17. No doubt the main proceedings in Wakf O.P. No. 22/2000 is not only against the respondents herein but also against two others among whom the 7th defendant/respondent is the Tamil Nadu Wakf Board.

18. It is the firm case of the respondents herein that for filing the O.P. of this sort the petitioner has filed in Wakf O.P. No. 22/2000 a notice under section 89 of the Wakf Act 1995 is mandatory re-requisite and inevitable and the proceeding in Wakf O.P. No. 22/2000 is not maintainable since it suffers for want of mandatory compliance of Section 89 of the Wakf Act and therefore they would testify the maintainability of the said Wakf O.P. in the I.A. No. 186/2000 and the Tribunal agreeing with the contentions of the respondents had not only allowed the interlocutory application of the respondent but also rejected the suit filed in Wakf O.P. No. 22/2000 before the Tribunal as per its order dated 26.4.2001 made in I.A. No. 186/2000. It is only challenging the said order, the respondent in I.A. No. 186/2000 has come forward to file the above C.R.P.

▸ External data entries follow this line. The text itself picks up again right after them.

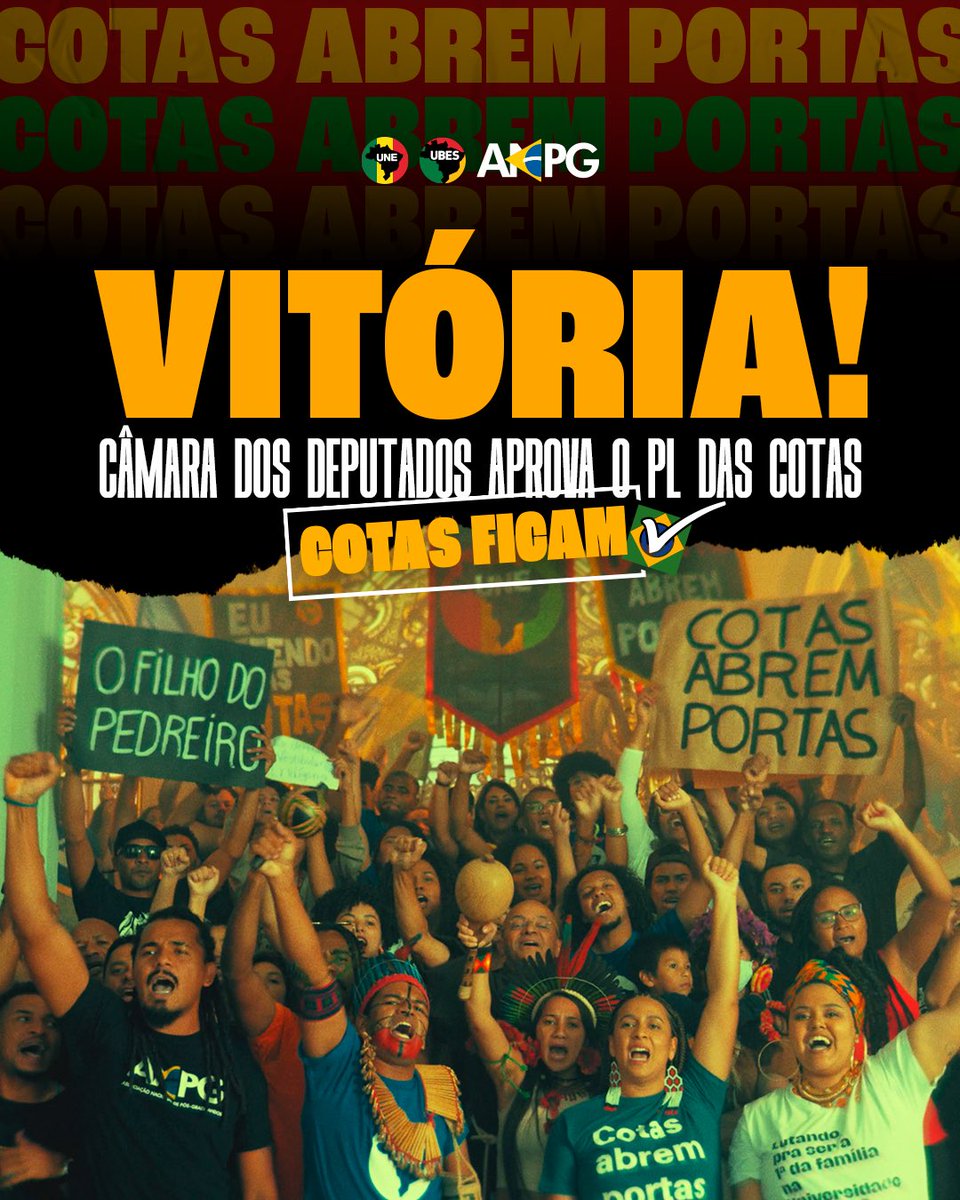 uneoficial's tweet photo. AS COTAS FICAM! 

Hoje, em votação histórica, a câmara aprovou a revisão de lei de cotas e incluiu quilombolas e pós-graduandos. Além disso, a lei estabelece prioridade para os cotistas no recebimento de benefícios de assistência estudantil.

Vamos pintar a universidade de povo, porque a gente não aceita menos do que educação, diversidade, cidadania e igualdade, pessoas diferentes, mas com as mesmas oportunidades.

Gritamos e continuaremos gritando: AS COTAS ABREM PORTAS! ✊🏿🚪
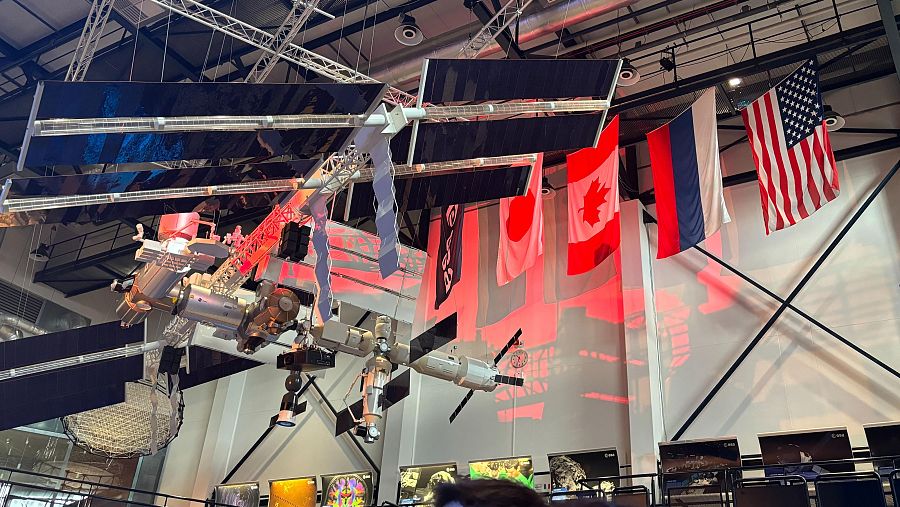 Banderas en la réplica de Colombus en el Centro Europeo de Investigación y Tecnología de la ESA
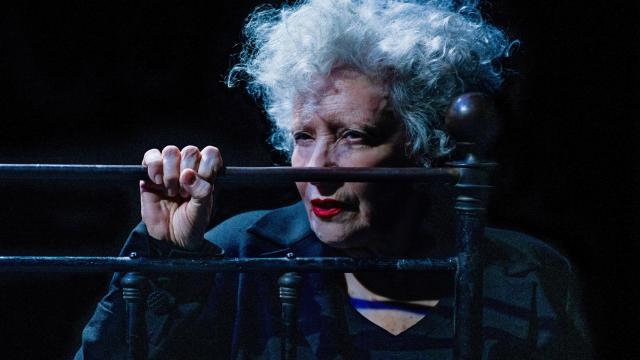 Magüi Mira junto a la cama de Molly Bloom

19. No doubt, Section 89 is mandatory and in the negative form as it comes to be revealed from the language of Section which reads: “No suit shall be instituted against the board in respect of any Act purporting to be done by it in pursuance of this Act or any rules made thereunder, until their expiration of two months next after notice in writing has been delivered to, or left at, the office of the Board, stating the cause of action, the name, description and place of residence of the plaintiff and the relief which he claims; and the plaint shall contain a statement that such notice has been so delivered or left”. The tenor and temper of the language employed in the Section leaves no room for any mis-interpretation to the effect of dispensing with the notice under Section 89 and therefore so far as the warranting Section 89 is concerned, the only conclusion that the Court could arrive at is that no suit shall lie without compliance of Section 89 and in fact such a suit, as it has been instituted in the form of Wakf O.P., should not have been entertained and taken on file by the Tribunal.

20. It cannot also be argued that Section 89 applies not to the Tribunal but only to the Civil Court wherein suits are instituted since Section 83 which deals with Constitution of Tribunals etc. is specific. In Sub-Section 5 of Section 83 it is laid down: ” The Tribunal shall be deemed to be a civil court and shall have the same powers as may be exercised by a civil court under the Code of Civil Procedure,1908 (5 of 1908), while trying a suit, or executing a decree or order”. The language of the above section is plain and simple and it does not need any explanation at all so as to arrive at a different conclusion from what is meant by the language of the section and therefore there is no room to arrive at the conclusion that the mandatory provision of law under Section 89 of the Wakf Act would apply only to Civil Courts and not to the Tribunals.

21. In the light of the above legal position clarified, no judgment rendered in the past much-less those which are cited on the part of the learned counsel for the petitioner equating Section 89 of the Wakf Act with that of Section 80 of the C.P.C. under pretext that Section 89 of the Wakf Act is in pari-materia with Section 80 of the C.P.C cannot come to the rescue of the petitioner herein. On the contrary the one Judgment cited on the part of the respondents is pointed to the facts and circumstances of the case in hand and telling to the effect that cases where suits have been instituted without the issue of the notice in accordance with Section 56 as in the instant case are not maintainable.

22. This Judgment aptly applies to the facts and circumstances of the case in hand in all fours and has to be relied on, in which event the only conclusion that could be arrived at by this Court, so far as the whole of the above Civil Revision Petition is concerned, is to dismiss the same as devoid of merit.

In result,

i) the above Civil Revision Petition is devoid of merit and the same is dismissed as such.

ii) The fair and decretal order dated 26.4.2001 made in I.A. No. 186/2000 in Wakf O.P. No. 22/2001 by the Court of the Principal Subordinate Judge, Nagapattinam, is hereby confirmed.

iii) However, there shall be no order as to costs.